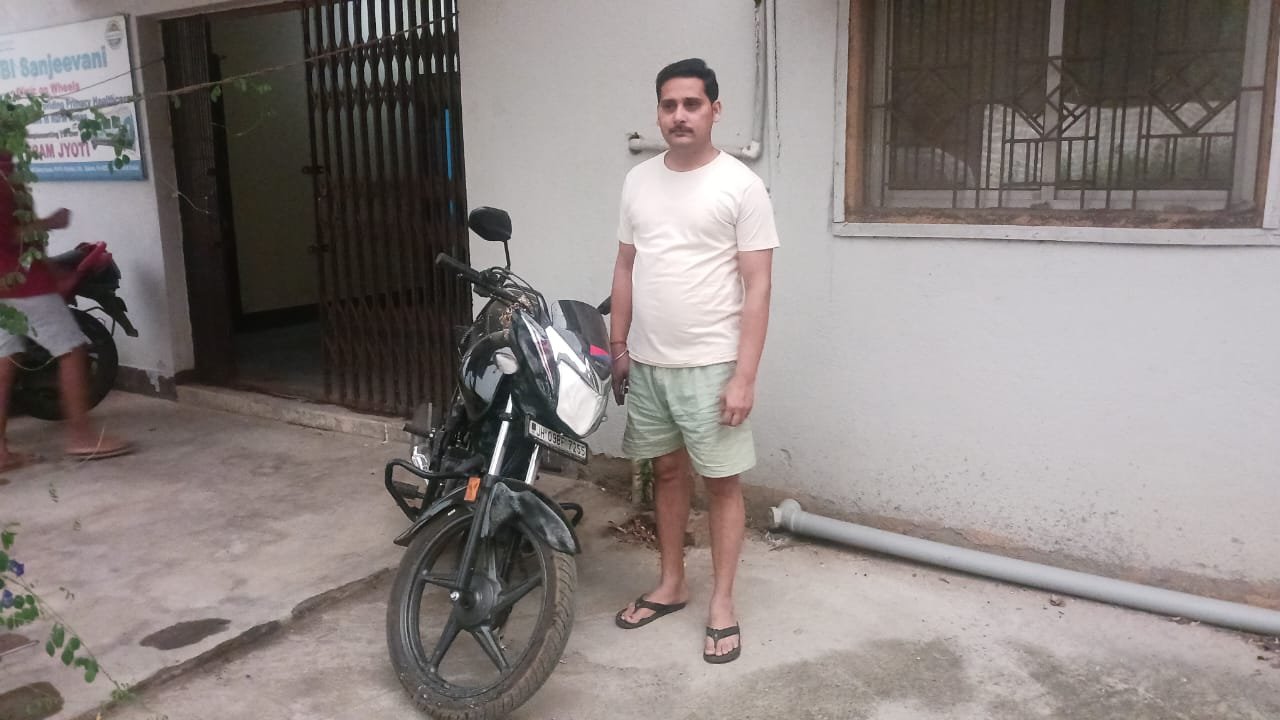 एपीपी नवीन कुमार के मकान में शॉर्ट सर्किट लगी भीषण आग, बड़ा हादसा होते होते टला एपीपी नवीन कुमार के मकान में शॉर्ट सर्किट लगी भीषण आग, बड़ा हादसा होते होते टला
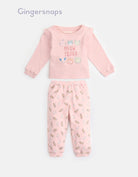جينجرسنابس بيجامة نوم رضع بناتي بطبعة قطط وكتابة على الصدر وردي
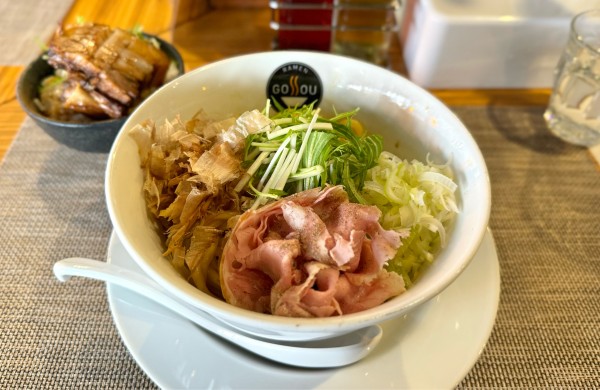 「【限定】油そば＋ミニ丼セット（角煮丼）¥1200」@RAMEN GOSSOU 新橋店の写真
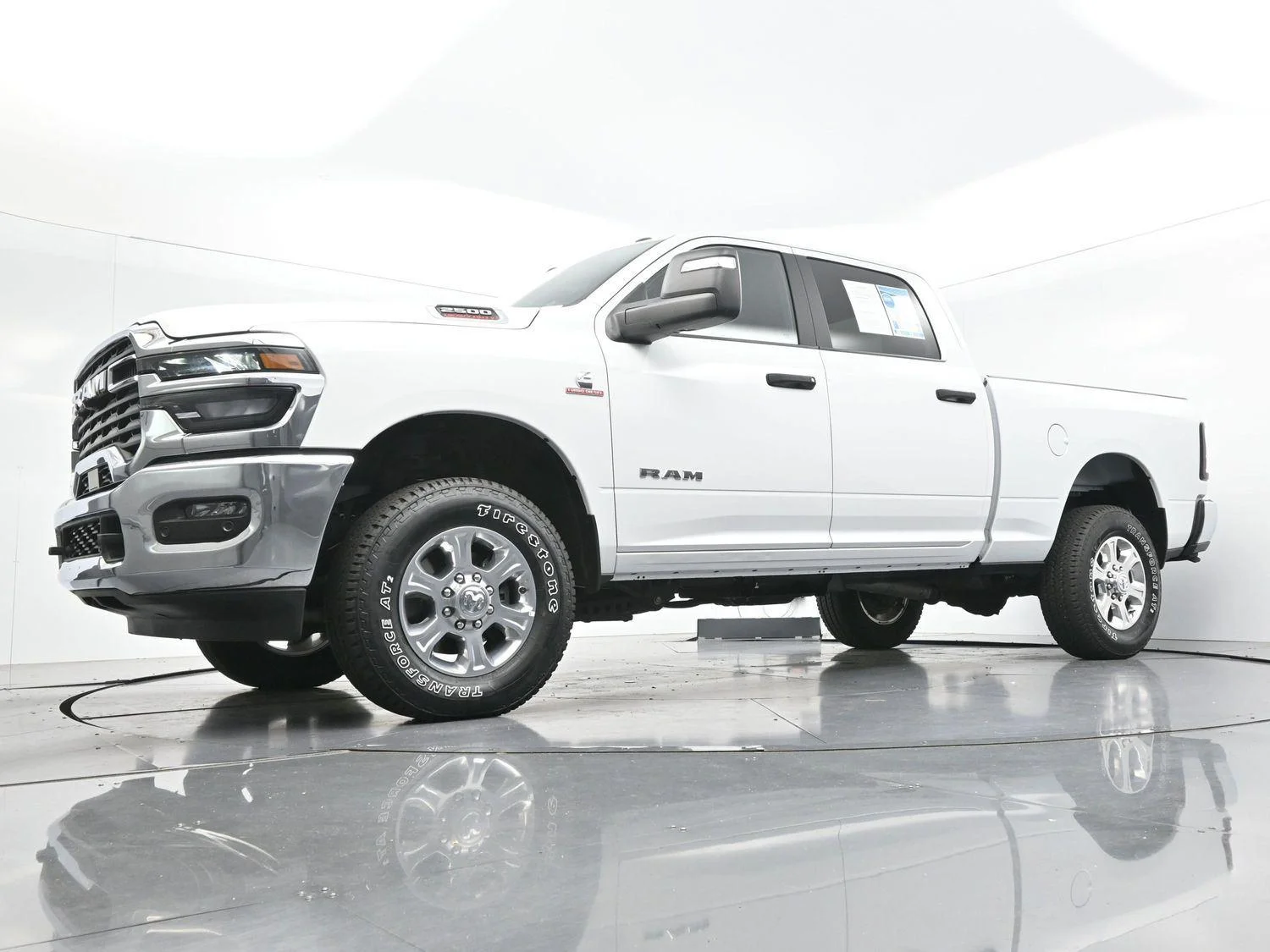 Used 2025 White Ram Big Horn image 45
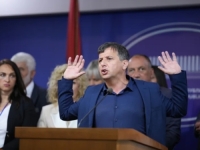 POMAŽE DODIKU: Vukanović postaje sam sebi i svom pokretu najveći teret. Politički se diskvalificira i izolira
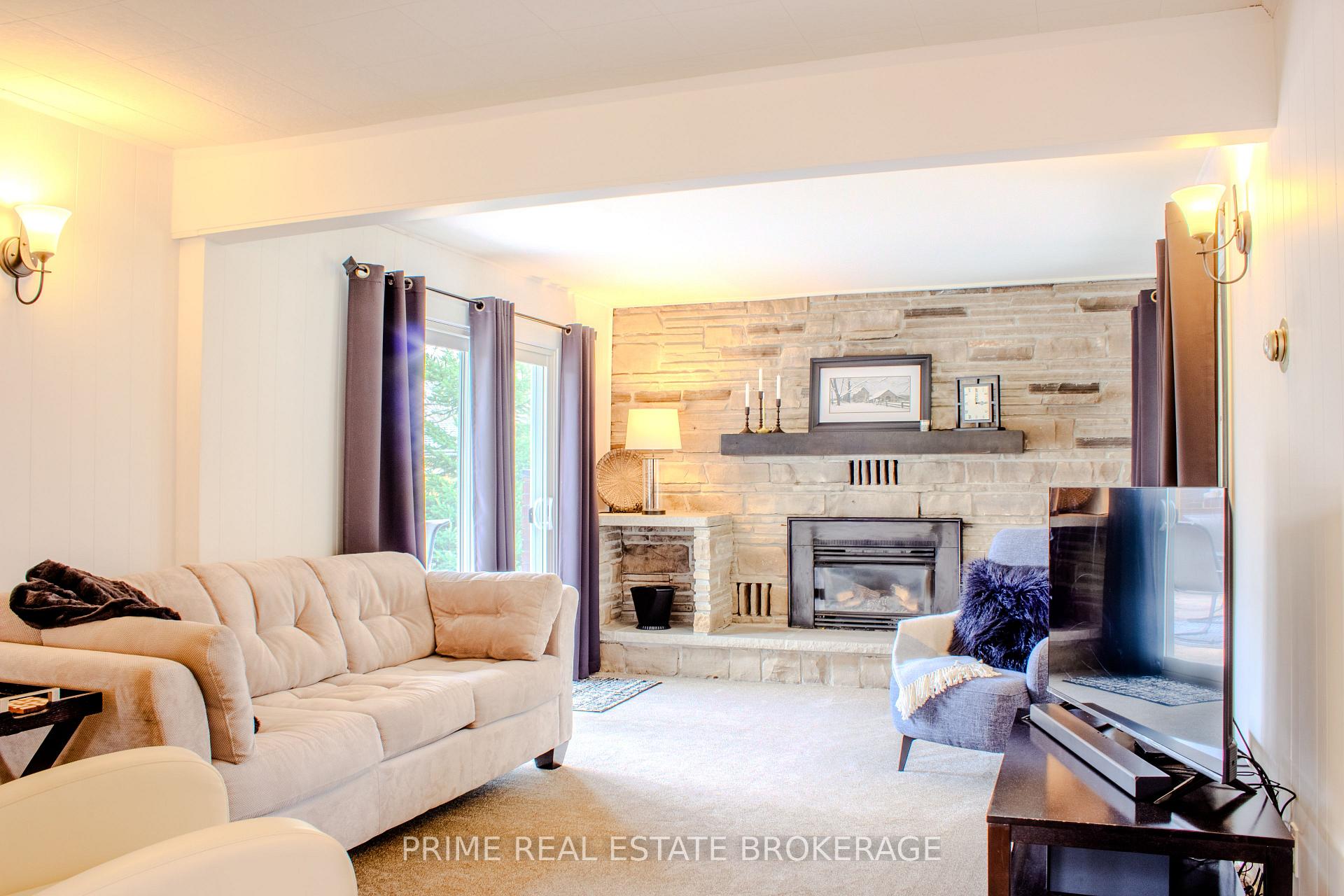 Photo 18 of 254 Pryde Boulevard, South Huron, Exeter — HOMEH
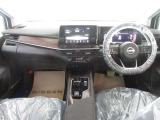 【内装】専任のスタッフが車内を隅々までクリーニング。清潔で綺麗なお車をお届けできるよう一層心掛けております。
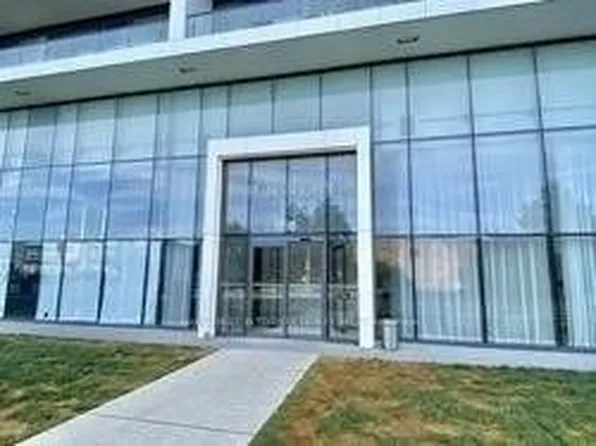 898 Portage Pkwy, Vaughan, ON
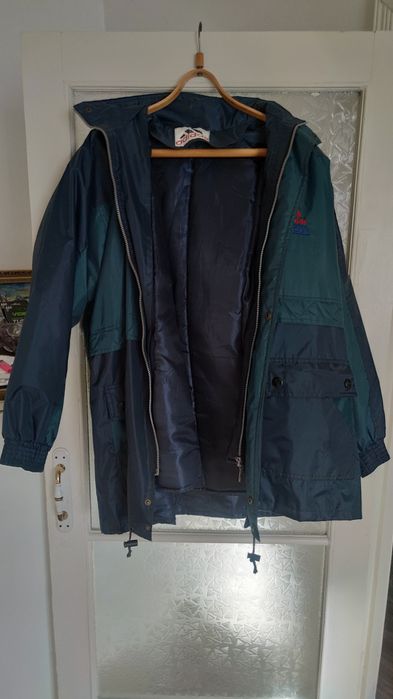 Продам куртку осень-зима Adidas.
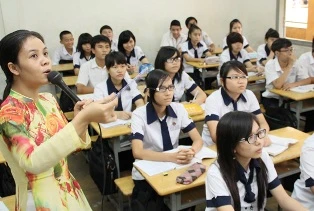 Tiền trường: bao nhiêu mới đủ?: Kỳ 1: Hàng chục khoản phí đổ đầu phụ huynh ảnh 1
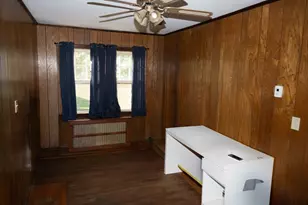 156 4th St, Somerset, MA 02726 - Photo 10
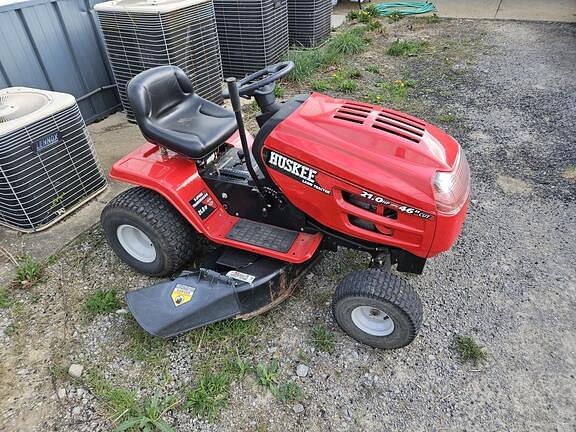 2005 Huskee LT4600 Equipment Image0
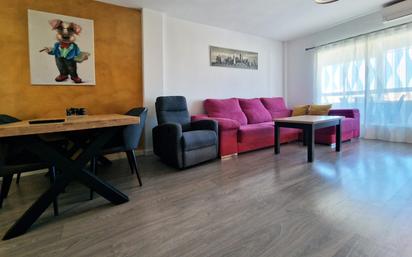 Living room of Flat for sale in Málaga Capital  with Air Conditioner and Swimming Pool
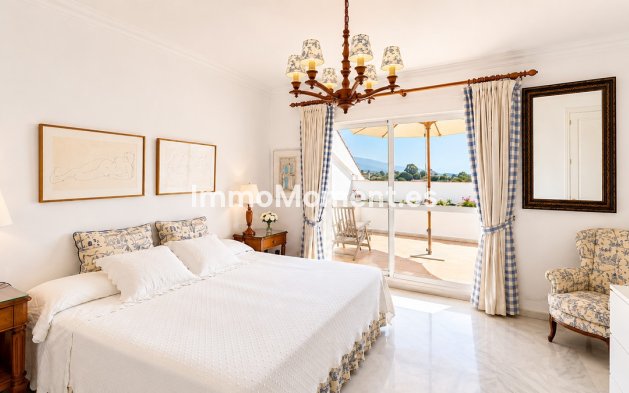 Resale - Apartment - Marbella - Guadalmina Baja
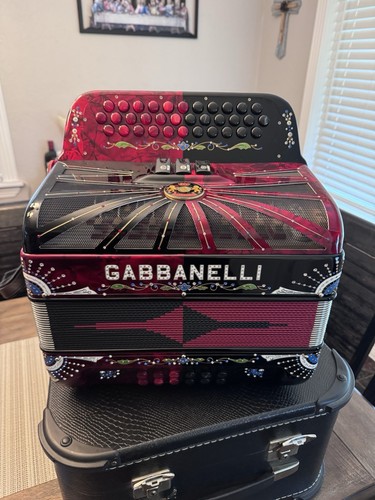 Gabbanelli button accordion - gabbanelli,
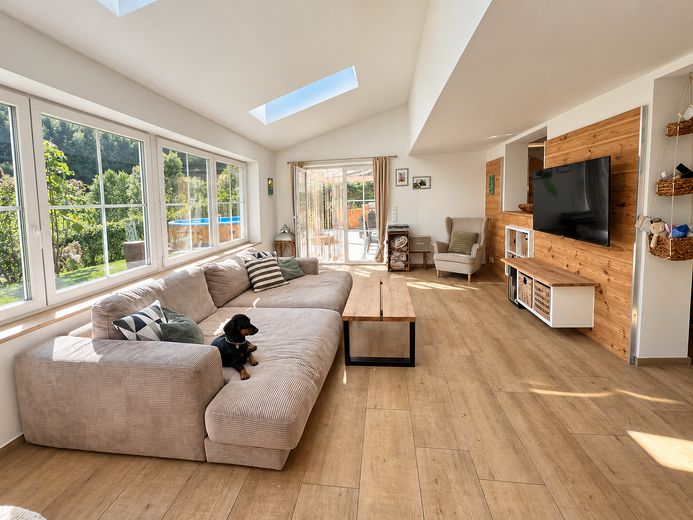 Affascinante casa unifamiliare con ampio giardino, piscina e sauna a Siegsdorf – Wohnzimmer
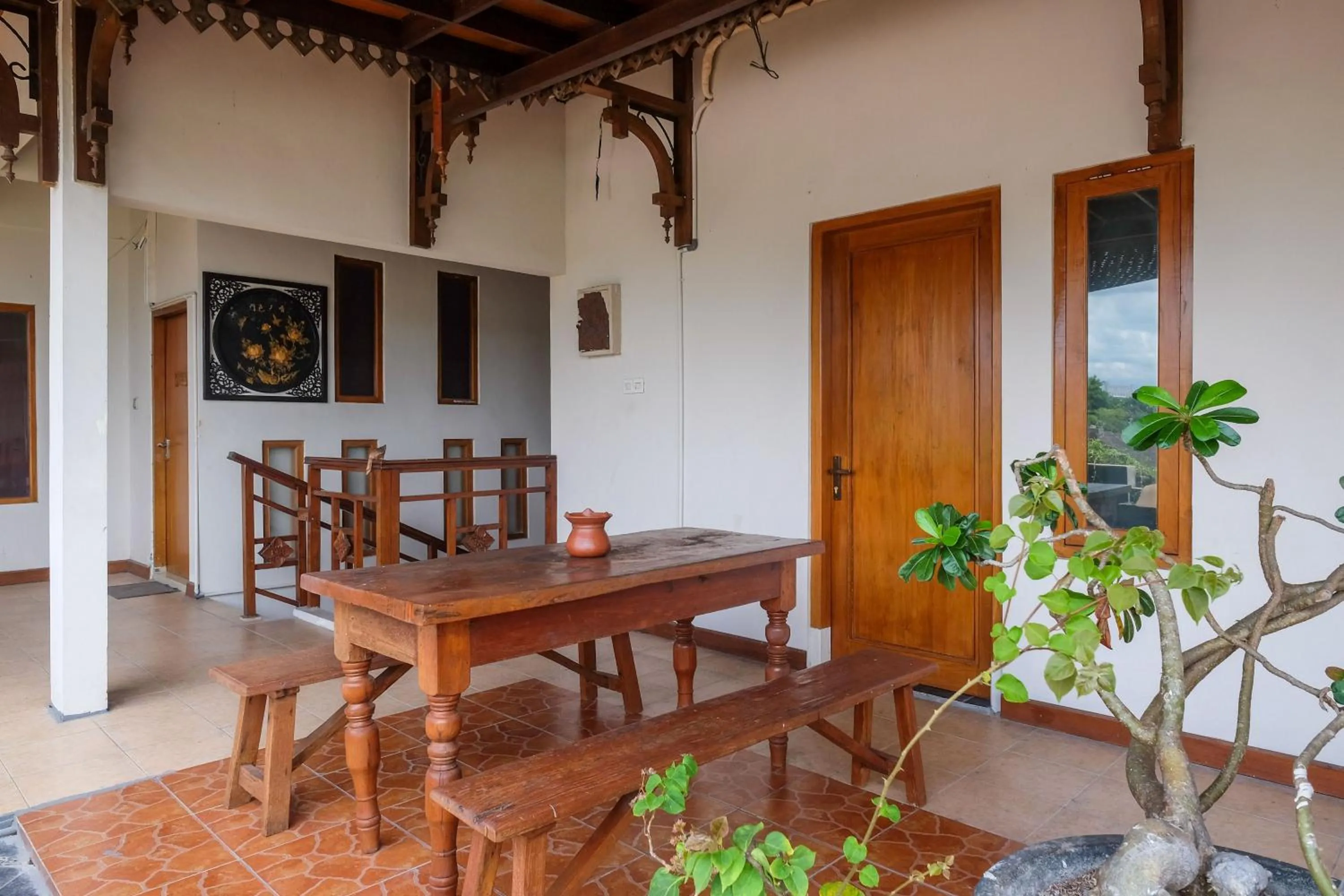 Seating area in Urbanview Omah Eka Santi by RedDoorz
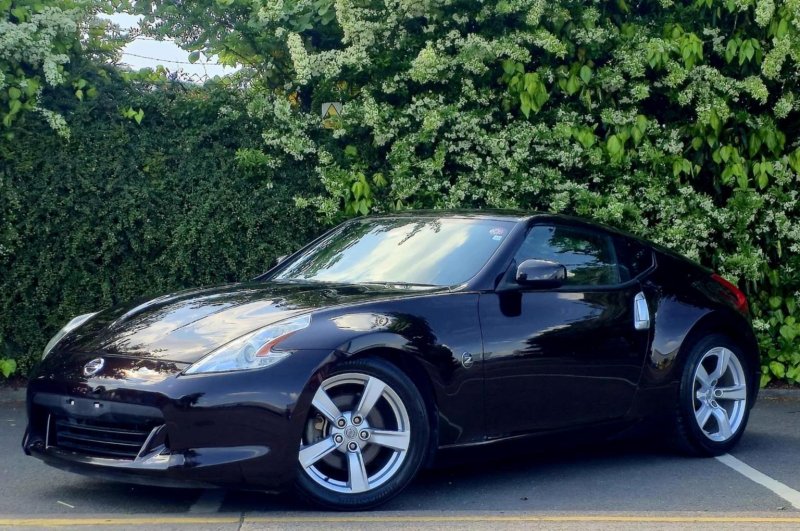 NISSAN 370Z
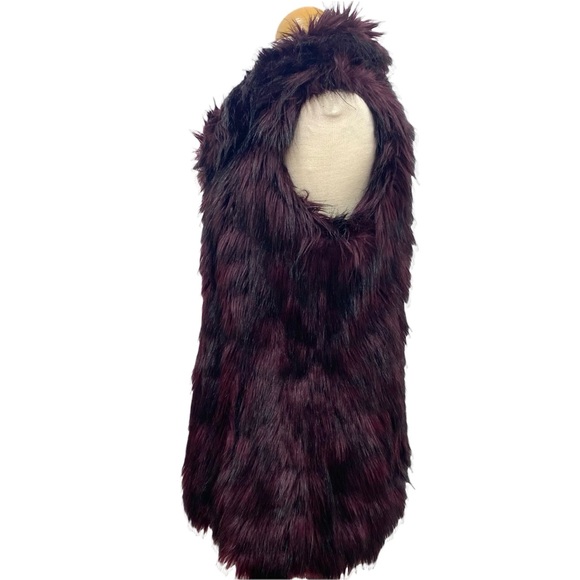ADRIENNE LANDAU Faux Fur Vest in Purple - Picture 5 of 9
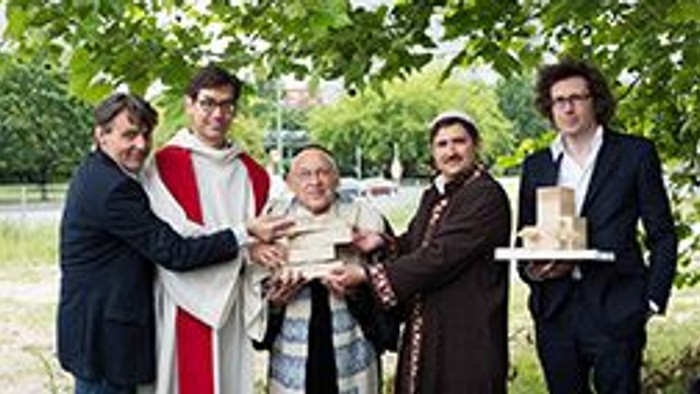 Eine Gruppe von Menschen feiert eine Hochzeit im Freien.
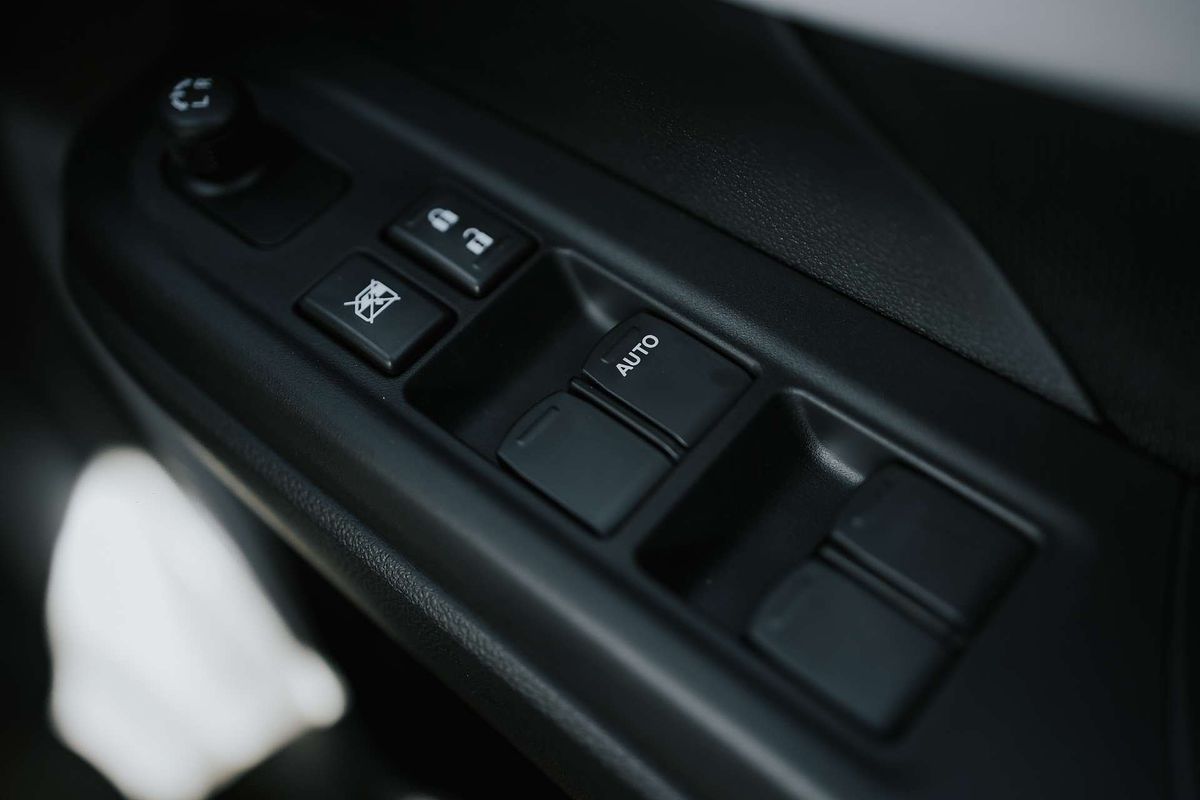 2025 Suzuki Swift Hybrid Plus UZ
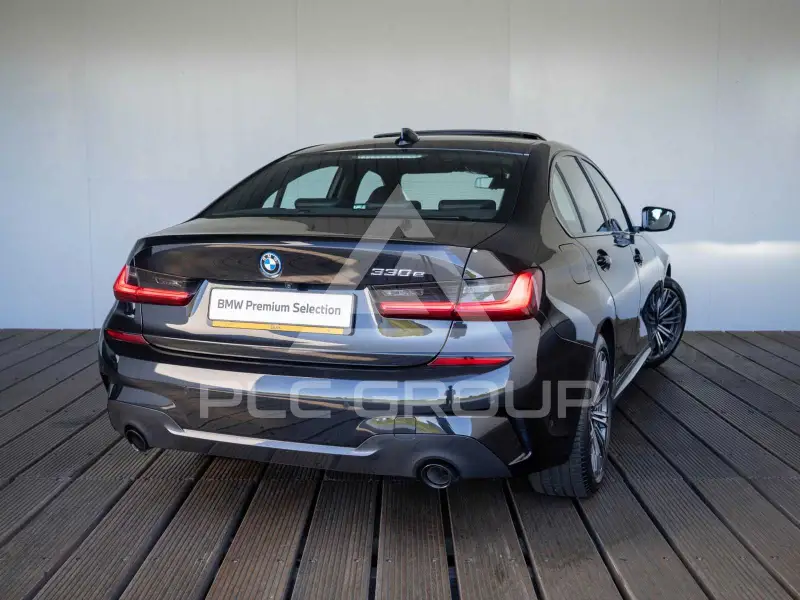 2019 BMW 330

****************

What the task requires: Through the line containing "Продам куртку осень-зима Adidas." and no further, restate the data above word for word from its first line, leaving out pictures.

Response to this task:
 एपीपी नवीन कुमार के मकान में शॉर्ट सर्किट लगी भीषण आग, बड़ा हादसा होते होते टला एपीपी नवीन कुमार के मकान में शॉर्ट सर्किट लगी भीषण आग, बड़ा हादसा होते होते टला
جينجرسنابس بيجامة نوم رضع بناتي بطبعة قطط وكتابة على الصدر وردي
 「【限定】油そば＋ミニ丼セット（角煮丼）¥1200」@RAMEN GOSSOU 新橋店の写真
 Used 2025 White Ram Big Horn image 45
 POMAŽE DODIKU: Vukanović postaje sam sebi i svom pokretu najveći teret. Politički se diskvalificira i izolira
 Photo 18 of 254 Pryde Boulevard, South Huron, Exeter — HOMEH
 【内装】専任のスタッフが車内を隅々までクリーニング。清潔で綺麗なお車をお届けできるよう一層心掛けております。
 898 Portage Pkwy, Vaughan, ON
 Продам куртку осень-зима Adidas.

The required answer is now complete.